## Source data
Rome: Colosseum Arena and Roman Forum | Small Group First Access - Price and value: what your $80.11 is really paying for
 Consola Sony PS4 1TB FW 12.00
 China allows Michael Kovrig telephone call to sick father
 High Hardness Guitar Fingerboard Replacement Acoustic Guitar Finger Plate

* * *

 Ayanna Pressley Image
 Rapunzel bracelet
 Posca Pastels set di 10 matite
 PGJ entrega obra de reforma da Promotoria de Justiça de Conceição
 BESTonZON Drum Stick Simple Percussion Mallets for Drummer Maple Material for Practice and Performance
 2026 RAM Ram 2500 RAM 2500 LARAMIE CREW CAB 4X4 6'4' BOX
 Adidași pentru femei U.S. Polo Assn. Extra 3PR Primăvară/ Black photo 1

## Your instructions
Once you find the line with "BESTonZON Drum Stick" above, print it and every line after it up to and including the line with "Adidași pentru femei", exactly as written and nothing else.

## Exercise solution
 BESTonZON Drum Stick Simple Percussion Mallets for Drummer Maple Material for Practice and Performance
 2026 RAM Ram 2500 RAM 2500 LARAMIE CREW CAB 4X4 6'4' BOX
 Adidași pentru femei U.S. Polo Assn. Extra 3PR Primăvară/ Black photo 1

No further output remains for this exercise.